Das heisst jetzt hoffentlich nicht, dass die bestehenden schönen Wanderwege (z.B. vom Gipfel zur Wastlsäge) massakriert und rollatorgerecht ausgebaut werden ... 🤔


----------



## Zweiradfahrer (21. Oktober 2022)

Smithie schrieb:


> Das heisst jetzt hoffentlich nicht, dass die bestehenden schönen Wanderwege (z.B. vom Gipfel zur Wastlsäge) massakriert und rollatorgerecht ausgebaut werden ... 🤔


Dee wird zum Uphillflow! So wie alle anderen Strecken und Wanderwege!!!


----------



## Voltage_FR (21. Oktober 2022)

Angaben ohne Gewähr - der Trailpark soll auf der anderen Straßenseite entstehen, ebenso wie ein neuer Parkplatz 

Highlight der Trails ist dann die Brandruine vom Hotel


----------



## leFafnir (24. Oktober 2022)

Der alte Parkplatz, soll wohl komplett ein offizieller  Campingplatz werden.
Gebühr steht noch nicht fest, wohl irgendwas zwischen 5-15€ pP.

Strecken wurden seit meinem letzten Besuch auch wieder entschärft. Enduro 1 ist im ersten Drittel jedes Wurzel/ Rumpefeld,  durch eine Sand/Lehm Schicht entschärft. Enduro 2 hat einige neue Steinkurven.


----------



## MTB-News.de




----------



## Voltage_FR (24. Oktober 2022)

Und wann war das? letzte Woche hätte ich da schon noch einige Wurzeln gesehen 🤔


----------



## leFafnir (24. Oktober 2022)

Diese Woche, sah recht neu aus. War dann am Samstag ein reines Matschfeld. Wie das jetzt aussieht kp. Bin da am Freitag gefühlt nur durchgerollt und einen neuen PR auf Straka geholt.


----------



## reo-fahrer (24. Oktober 2022)

Und die untere DH ist jetzt wirklich die neue Jumpline, so ohne Steine, dafür ist die eigentliche Jumpline ab der Hälfte gesperrt mit Umleitung über die alte Dual-Slalom(?) oder was da neben der alten Biker-X noch war. 

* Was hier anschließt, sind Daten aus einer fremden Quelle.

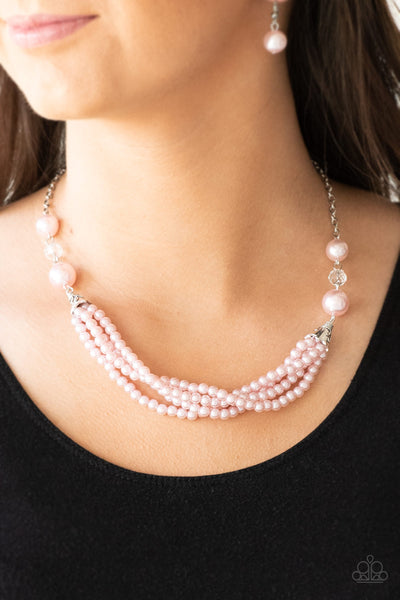 One-WOMAN Show - Pink Pearl Necklace - Paparazzi Accessories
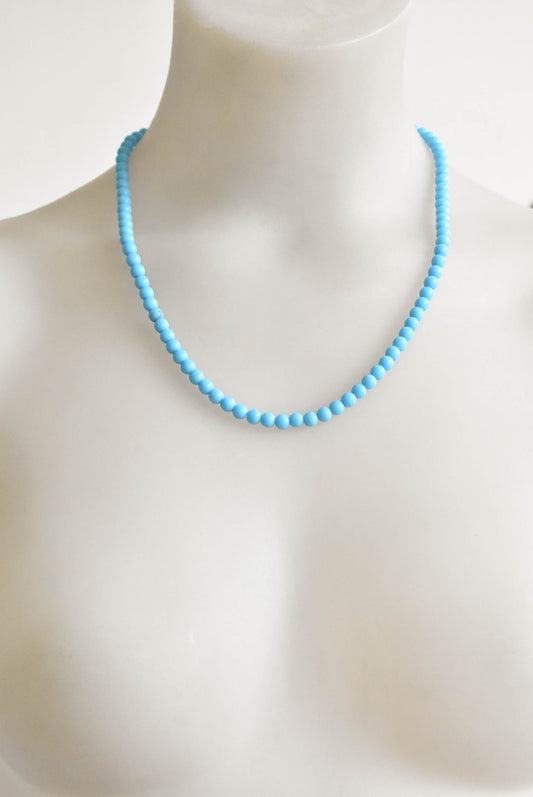 Baby blue beaded necklace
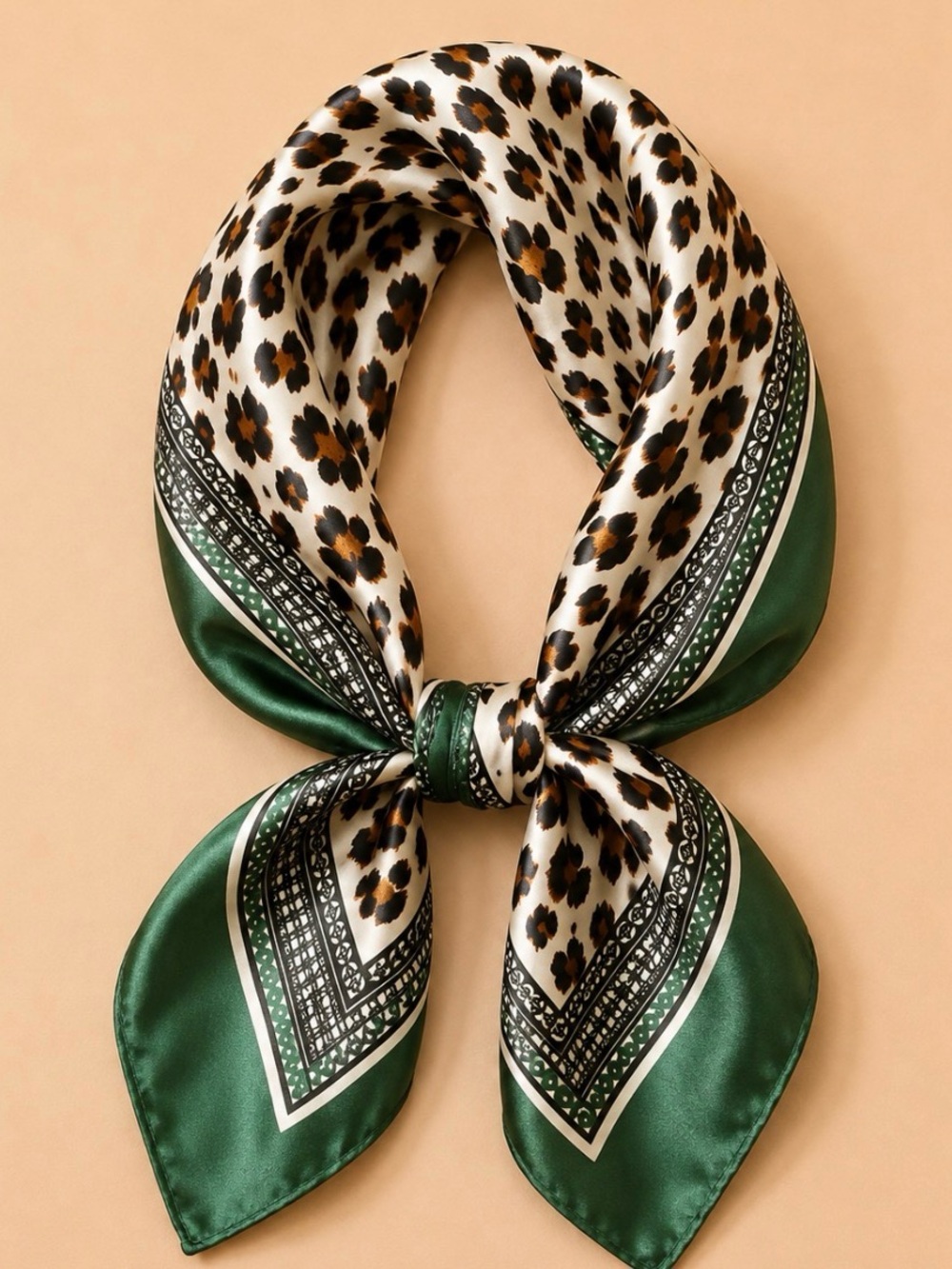 Green Leopard Print Silk-Feel Square Scarf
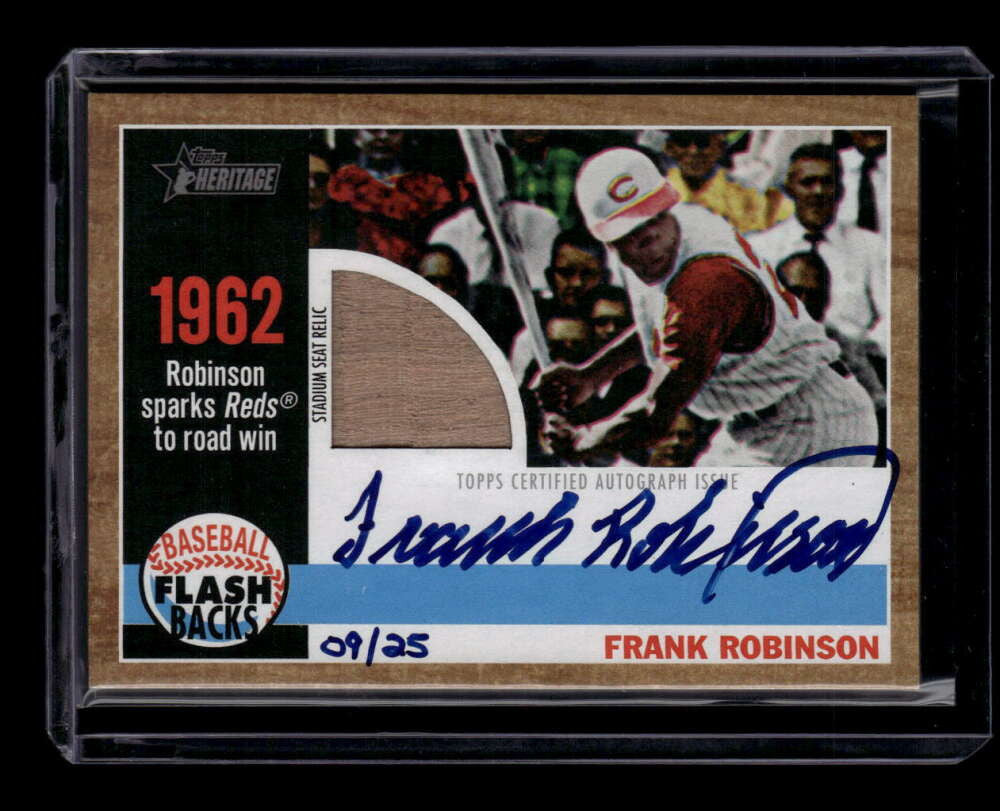 2011 Topps Heritage Flashback Autographs FR Frank Robinson Seat Relic Auto 9/25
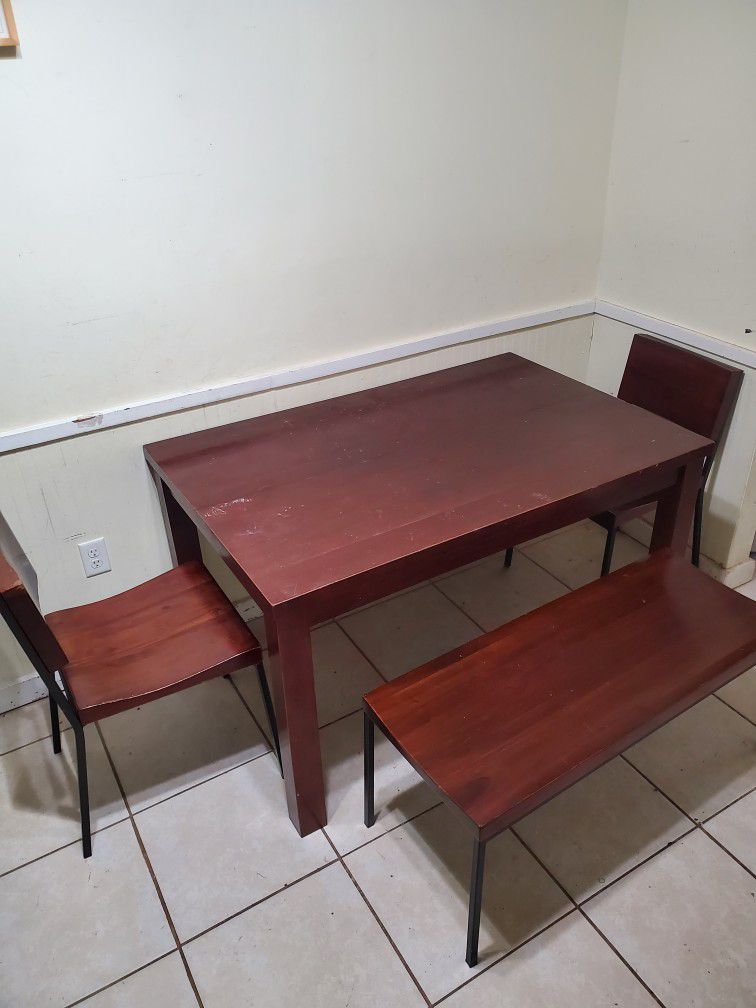 Super Sturdy Solid Cherry-Wood Made Dinning Set. Chairs and sitting Bench has Metal Frame. $ ?
  
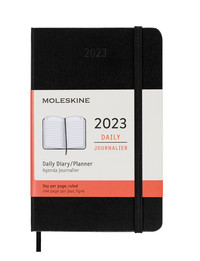 Diář Moleskine 2023 denní tvrdý černý S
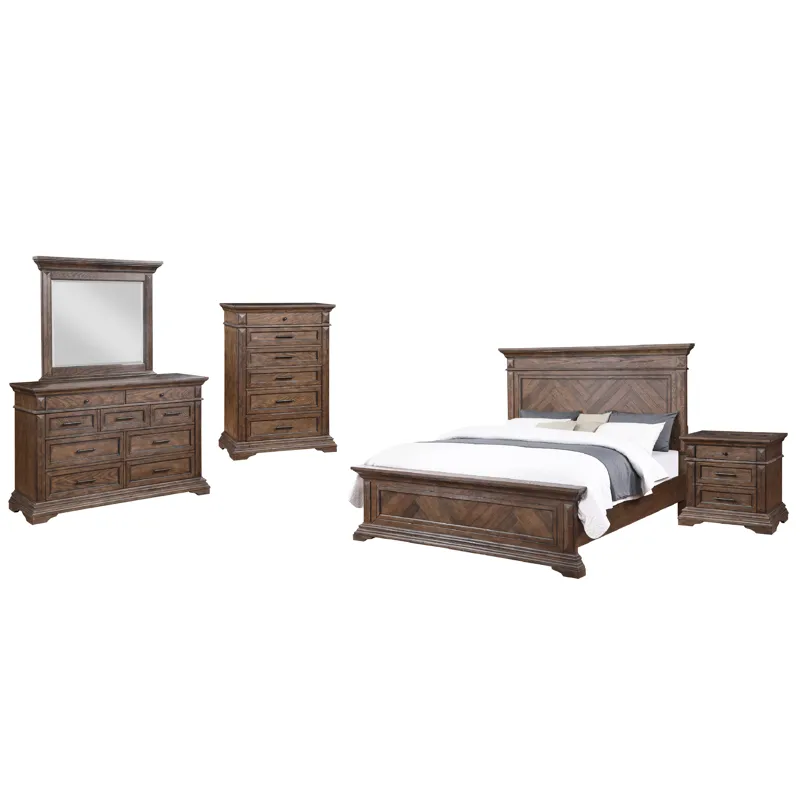 Mar Vista 5pc Bed, R, R, S, H-Walnut - King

Das Ding da auf der Freeride dafür passt da imho gut hin von den Abmessungen:


----------



## xlacherx (24. Oktober 2022)

Naja, aber irgendwann musst halt auch mal ausgebessert werden.
Ausfahren / waschen wird sich das so oder so immer wieder


----------



## Zweiradfahrer (24. Oktober 2022)

leFafnir schrieb:


> Diese Woche, sah recht neu aus. War dann am Samstag ein reines Matschfeld. Wie das jetzt aussieht kp. Bin da am Freitag gefühlt nur durchgerollt und einen neuen PR auf Straka geholt.


Dafür ist die enduro 2 im mittleren/unteren Teil ziemlich ausgebombt. Ich glaube die Shaper da fahren selber nicht Fahrrad. Streckenteile die eigentlich gut fahrbar waren werden entschärft und dafür werden Sachen die total ausgefahren sind ignoriert.


----------



## oBATMANo (25. Oktober 2022)

reo-fahrer schrieb:


> Und die untere DH ist jetzt wirklich die neue Jumpline, so ohne Steine, ....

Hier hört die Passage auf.